───── DATA RECORDS

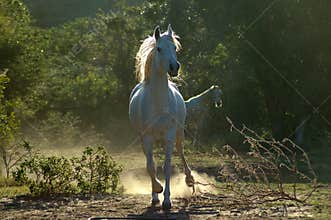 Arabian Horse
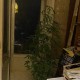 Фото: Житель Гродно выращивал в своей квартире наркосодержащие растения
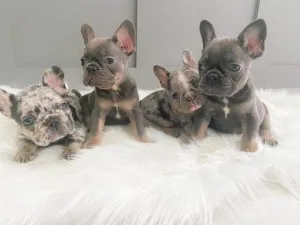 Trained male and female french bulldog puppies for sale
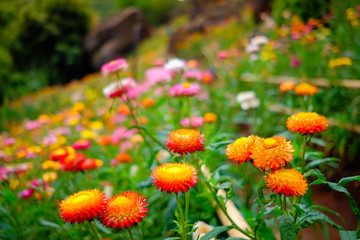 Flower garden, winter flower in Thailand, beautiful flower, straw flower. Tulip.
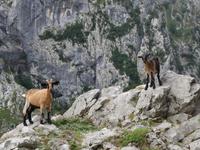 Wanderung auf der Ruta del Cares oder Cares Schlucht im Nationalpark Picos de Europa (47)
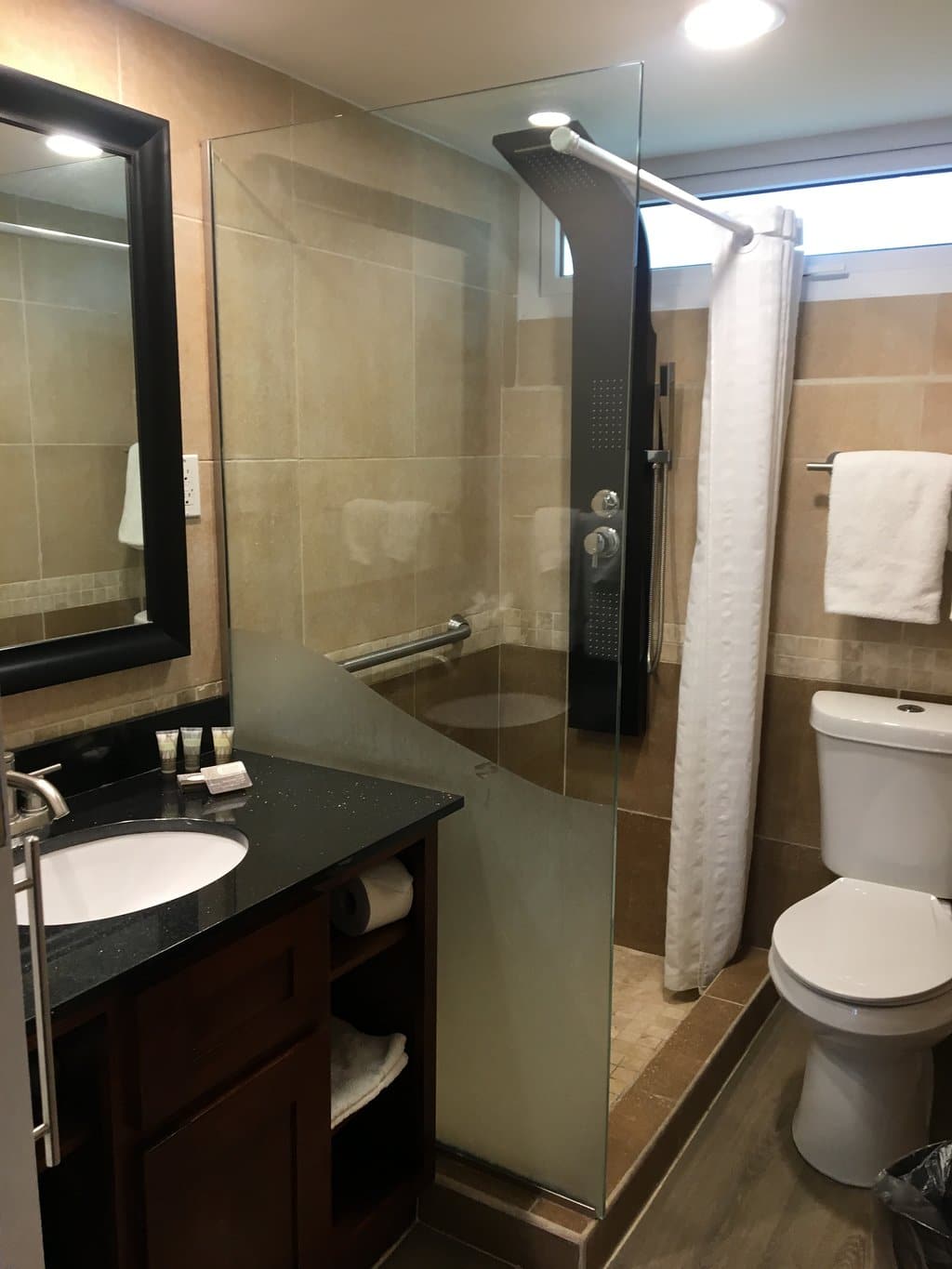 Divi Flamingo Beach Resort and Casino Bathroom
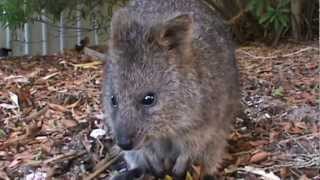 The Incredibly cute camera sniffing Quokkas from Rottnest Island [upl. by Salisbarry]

──────────
───── DATA RECORDS

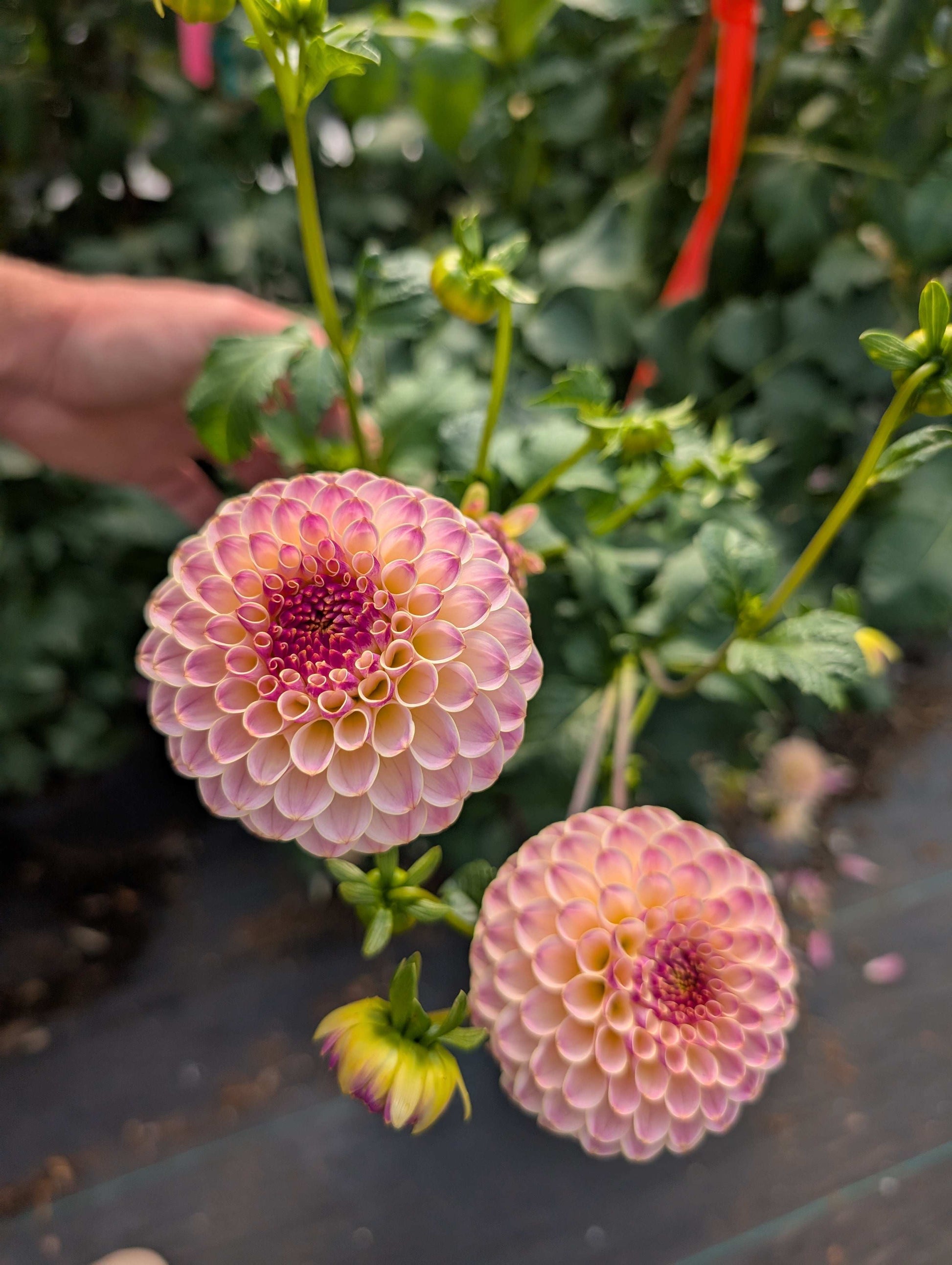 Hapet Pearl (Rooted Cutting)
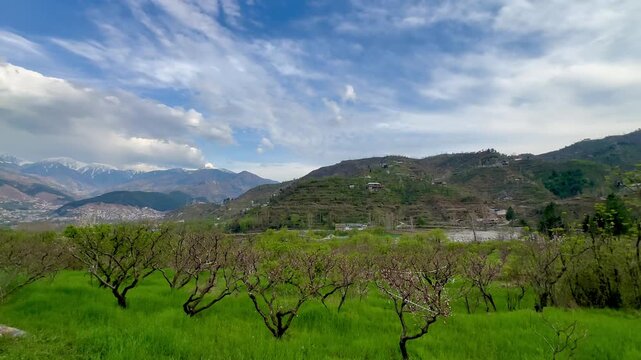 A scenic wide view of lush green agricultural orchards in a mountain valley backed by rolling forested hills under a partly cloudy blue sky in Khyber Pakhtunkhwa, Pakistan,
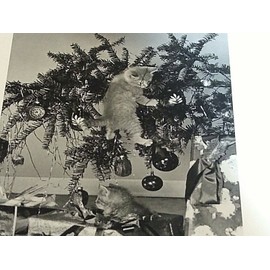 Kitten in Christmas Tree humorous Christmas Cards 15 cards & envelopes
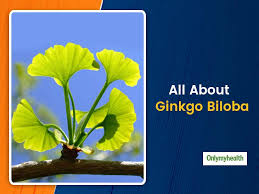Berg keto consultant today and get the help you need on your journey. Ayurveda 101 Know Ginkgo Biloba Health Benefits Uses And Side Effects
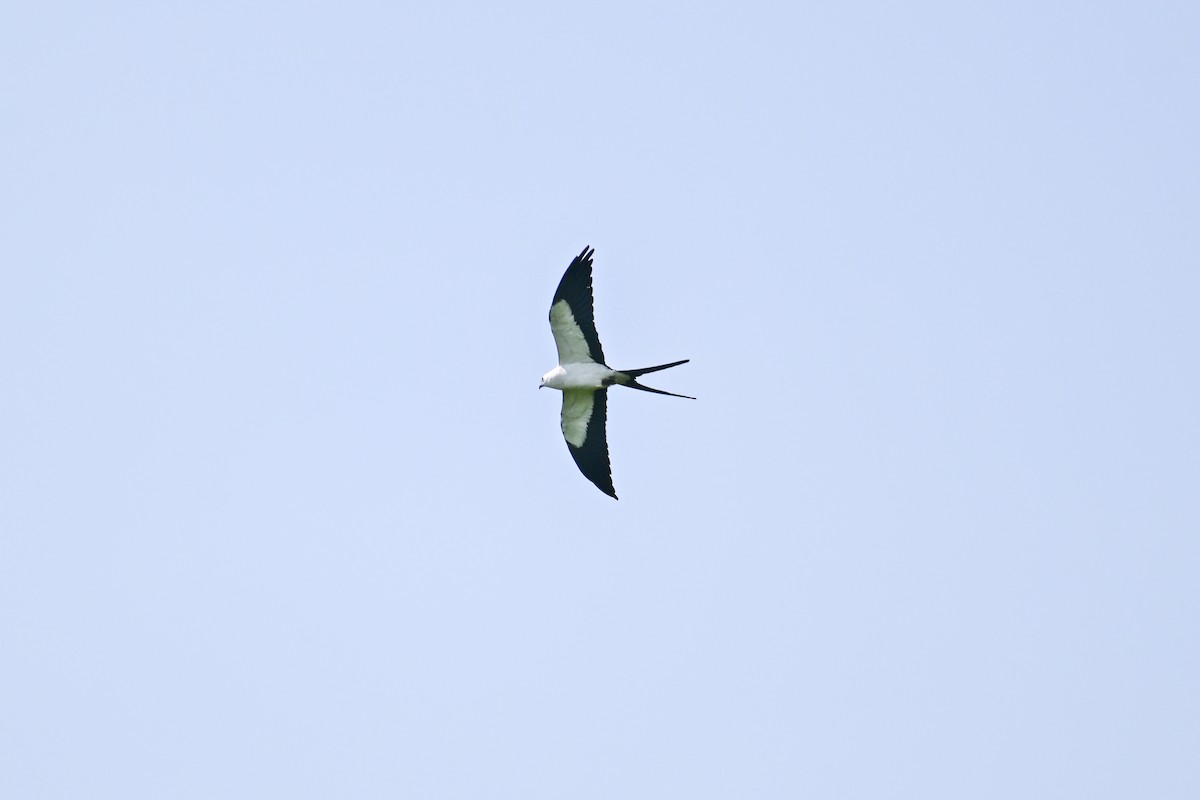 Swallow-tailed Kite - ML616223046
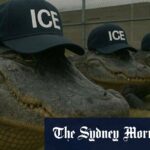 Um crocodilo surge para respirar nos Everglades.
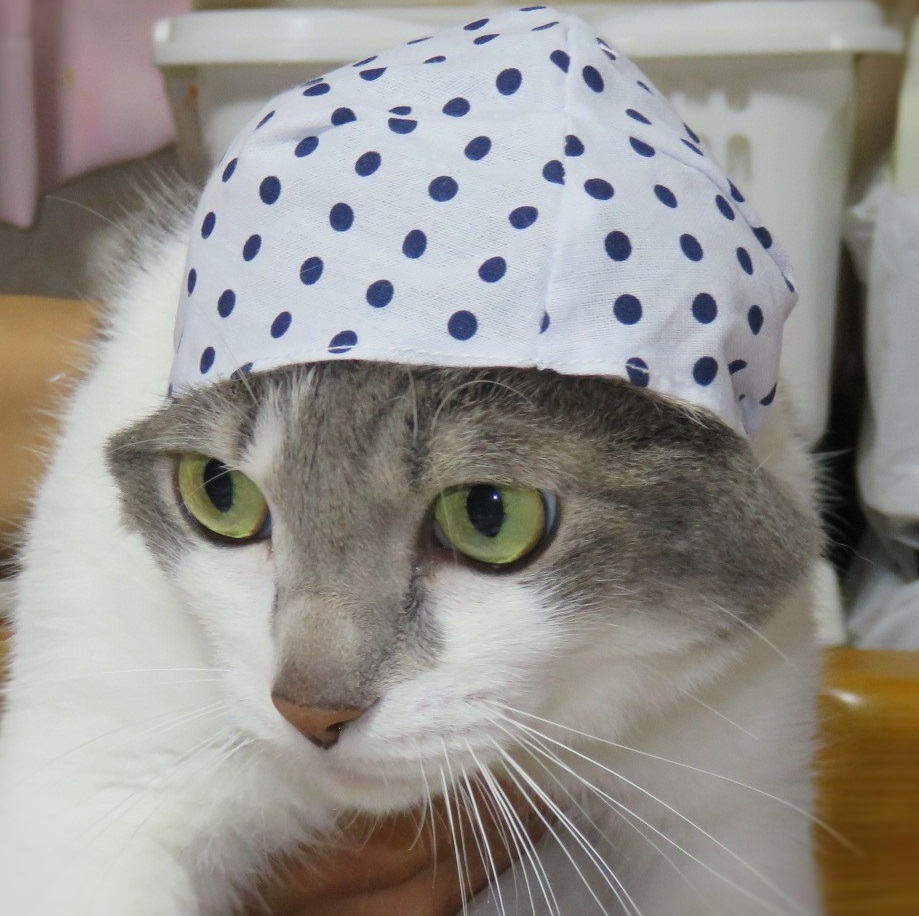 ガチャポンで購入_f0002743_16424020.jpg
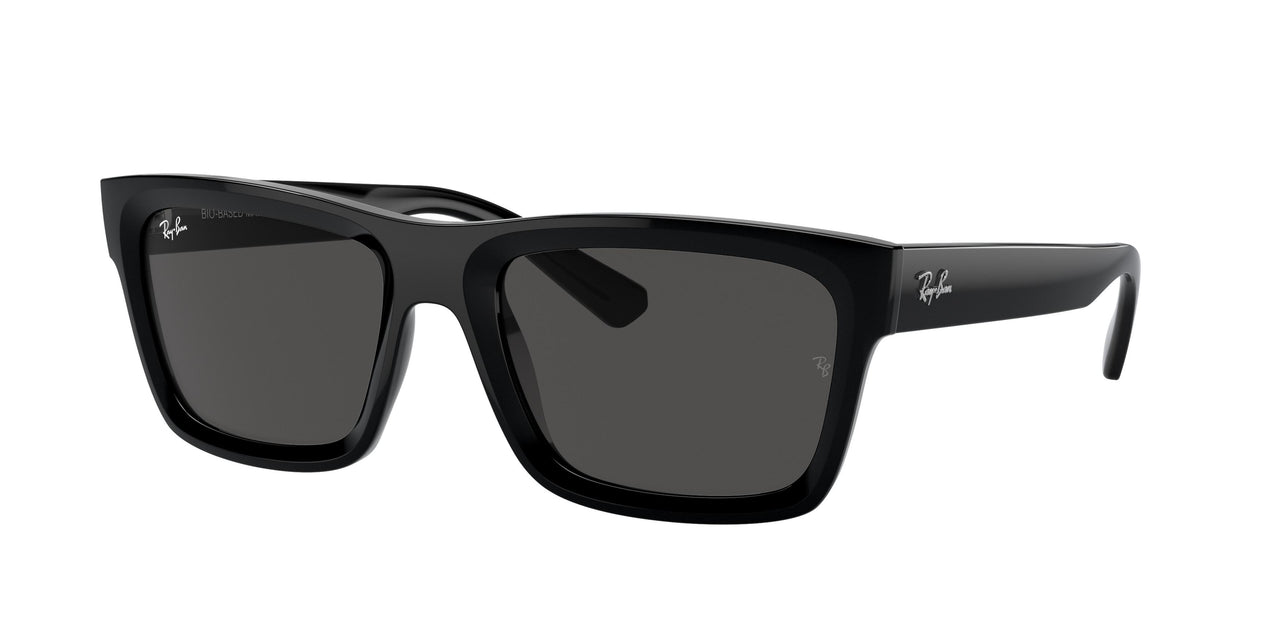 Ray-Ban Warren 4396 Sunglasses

──────────

- **WHAT IS NEEDED**
Using the data above, output the line that has "A scenic wide", the line that has "Kitten in Christmas", and whatever lines fall between, each exactly as it stands and without pictures.

- **TASK SOLUTION**
 A scenic wide view of lush green agricultural orchards in a mountain valley backed by rolling forested hills under a partly cloudy blue sky in Khyber Pakhtunkhwa, Pakistan,
 Kitten in Christmas Tree humorous Christmas Cards 15 cards & envelopes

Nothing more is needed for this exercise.